Caption-style text data
--

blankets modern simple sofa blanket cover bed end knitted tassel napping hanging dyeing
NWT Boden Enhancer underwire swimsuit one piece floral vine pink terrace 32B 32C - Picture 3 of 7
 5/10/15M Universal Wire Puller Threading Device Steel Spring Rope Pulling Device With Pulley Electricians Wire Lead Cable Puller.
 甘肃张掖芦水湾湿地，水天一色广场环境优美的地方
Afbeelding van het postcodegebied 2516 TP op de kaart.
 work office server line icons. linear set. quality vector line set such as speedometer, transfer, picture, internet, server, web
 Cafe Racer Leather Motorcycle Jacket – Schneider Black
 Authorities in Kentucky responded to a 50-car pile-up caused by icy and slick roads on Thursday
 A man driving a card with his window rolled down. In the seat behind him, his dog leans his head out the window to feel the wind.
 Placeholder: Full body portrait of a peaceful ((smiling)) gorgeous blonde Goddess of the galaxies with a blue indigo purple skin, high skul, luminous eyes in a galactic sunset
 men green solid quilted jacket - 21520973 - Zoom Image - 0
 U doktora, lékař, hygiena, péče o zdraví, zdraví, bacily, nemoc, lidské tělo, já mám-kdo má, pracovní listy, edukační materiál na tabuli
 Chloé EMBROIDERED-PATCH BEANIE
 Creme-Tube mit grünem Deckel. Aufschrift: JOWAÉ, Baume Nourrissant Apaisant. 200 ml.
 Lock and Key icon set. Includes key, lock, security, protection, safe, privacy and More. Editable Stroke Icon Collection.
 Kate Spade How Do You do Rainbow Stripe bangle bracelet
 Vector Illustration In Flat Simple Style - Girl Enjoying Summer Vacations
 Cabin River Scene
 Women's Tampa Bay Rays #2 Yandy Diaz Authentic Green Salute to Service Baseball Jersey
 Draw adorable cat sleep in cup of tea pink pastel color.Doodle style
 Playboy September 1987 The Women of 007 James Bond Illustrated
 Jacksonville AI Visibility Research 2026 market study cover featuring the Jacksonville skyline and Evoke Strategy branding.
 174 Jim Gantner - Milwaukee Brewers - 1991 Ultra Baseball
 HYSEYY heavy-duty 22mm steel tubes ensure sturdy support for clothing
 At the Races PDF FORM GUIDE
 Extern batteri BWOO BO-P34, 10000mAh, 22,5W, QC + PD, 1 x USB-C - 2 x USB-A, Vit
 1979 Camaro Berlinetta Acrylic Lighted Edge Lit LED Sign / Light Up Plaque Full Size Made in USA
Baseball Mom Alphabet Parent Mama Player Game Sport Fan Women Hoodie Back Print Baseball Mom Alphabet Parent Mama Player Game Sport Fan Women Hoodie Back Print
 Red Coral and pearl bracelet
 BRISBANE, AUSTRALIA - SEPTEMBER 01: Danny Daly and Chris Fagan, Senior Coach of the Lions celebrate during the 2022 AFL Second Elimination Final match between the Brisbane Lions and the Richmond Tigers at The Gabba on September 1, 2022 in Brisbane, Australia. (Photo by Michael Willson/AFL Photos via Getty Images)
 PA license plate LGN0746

--

**Your assignment:** Exactly as they appear above, set down all of the records once more.

**Answer below:**
blankets modern simple sofa blanket cover bed end knitted tassel napping hanging dyeing
NWT Boden Enhancer underwire swimsuit one piece floral vine pink terrace 32B 32C - Picture 3 of 7
 5/10/15M Universal Wire Puller Threading Device Steel Spring Rope Pulling Device With Pulley Electricians Wire Lead Cable Puller.
 甘肃张掖芦水湾湿地，水天一色广场环境优美的地方
Afbeelding van het postcodegebied 2516 TP op de kaart.
 work office server line icons. linear set. quality vector line set such as speedometer, transfer, picture, internet, server, web
 Cafe Racer Leather Motorcycle Jacket – Schneider Black
 Authorities in Kentucky responded to a 50-car pile-up caused by icy and slick roads on Thursday
 A man driving a card with his window rolled down. In the seat behind him, his dog leans his head out the window to feel the wind.
 Placeholder: Full body portrait of a peaceful ((smiling)) gorgeous blonde Goddess of the galaxies with a blue indigo purple skin, high skul, luminous eyes in a galactic sunset
 men green solid quilted jacket - 21520973 - Zoom Image - 0
 U doktora, lékař, hygiena, péče o zdraví, zdraví, bacily, nemoc, lidské tělo, já mám-kdo má, pracovní listy, edukační materiál na tabuli
 Chloé EMBROIDERED-PATCH BEANIE
 Creme-Tube mit grünem Deckel. Aufschrift: JOWAÉ, Baume Nourrissant Apaisant. 200 ml.
 Lock and Key icon set. Includes key, lock, security, protection, safe, privacy and More. Editable Stroke Icon Collection.
 Kate Spade How Do You do Rainbow Stripe bangle bracelet
 Vector Illustration In Flat Simple Style - Girl Enjoying Summer Vacations
 Cabin River Scene
 Women's Tampa Bay Rays #2 Yandy Diaz Authentic Green Salute to Service Baseball Jersey
 Draw adorable cat sleep in cup of tea pink pastel color.Doodle style
 Playboy September 1987 The Women of 007 James Bond Illustrated
 Jacksonville AI Visibility Research 2026 market study cover featuring the Jacksonville skyline and Evoke Strategy branding.
 174 Jim Gantner - Milwaukee Brewers - 1991 Ultra Baseball
 HYSEYY heavy-duty 22mm steel tubes ensure sturdy support for clothing
 At the Races PDF FORM GUIDE
 Extern batteri BWOO BO-P34, 10000mAh, 22,5W, QC + PD, 1 x USB-C - 2 x USB-A, Vit
 1979 Camaro Berlinetta Acrylic Lighted Edge Lit LED Sign / Light Up Plaque Full Size Made in USA
Baseball Mom Alphabet Parent Mama Player Game Sport Fan Women Hoodie Back Print Baseball Mom Alphabet Parent Mama Player Game Sport Fan Women Hoodie Back Print
 Red Coral and pearl bracelet
 BRISBANE, AUSTRALIA - SEPTEMBER 01: Danny Daly and Chris Fagan, Senior Coach of the Lions celebrate during the 2022 AFL Second Elimination Final match between the Brisbane Lions and the Richmond Tigers at The Gabba on September 1, 2022 in Brisbane, Australia. (Photo by Michael Willson/AFL Photos via Getty Images)
 PA license plate LGN0746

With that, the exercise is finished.